DATASET RECORDS:
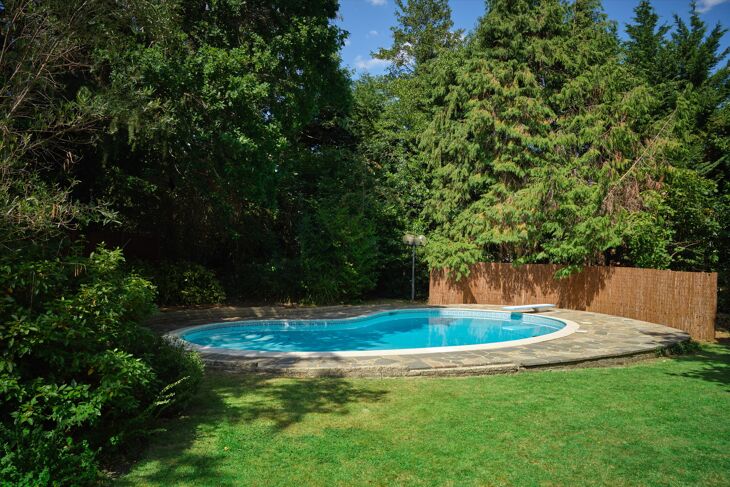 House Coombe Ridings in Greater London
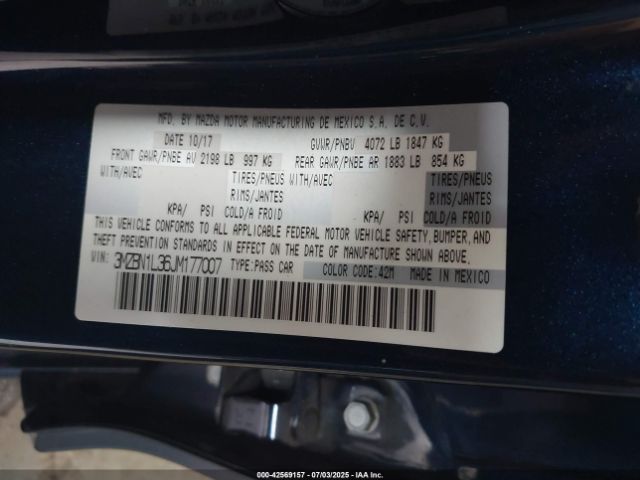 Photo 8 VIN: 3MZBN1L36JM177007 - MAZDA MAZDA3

==

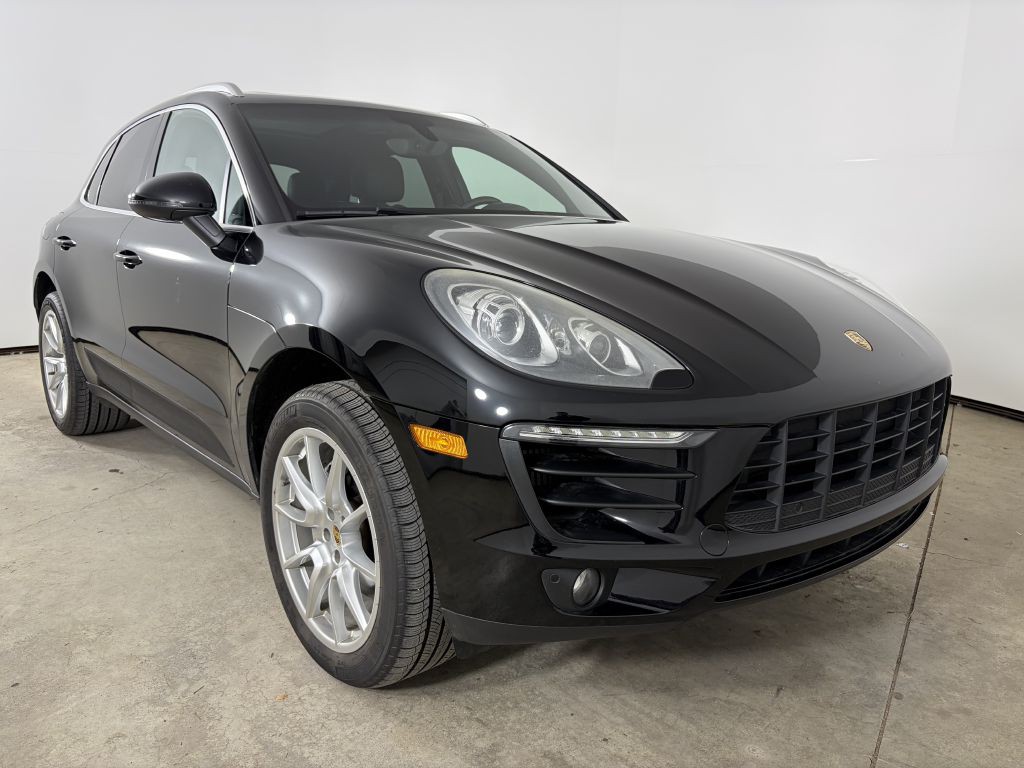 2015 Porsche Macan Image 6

TO DO: From the records above, write out exactly the lines that begin at the line with "House Coombe Ridings in Greater London" and end at the line with "Photo 8 VIN: 3MZBN1L36JM177007". Pictures must not appear in the output.

EXERCISE OUTPUT:
 House Coombe Ridings in Greater London
 Photo 8 VIN: 3MZBN1L36JM177007 - MAZDA MAZDA3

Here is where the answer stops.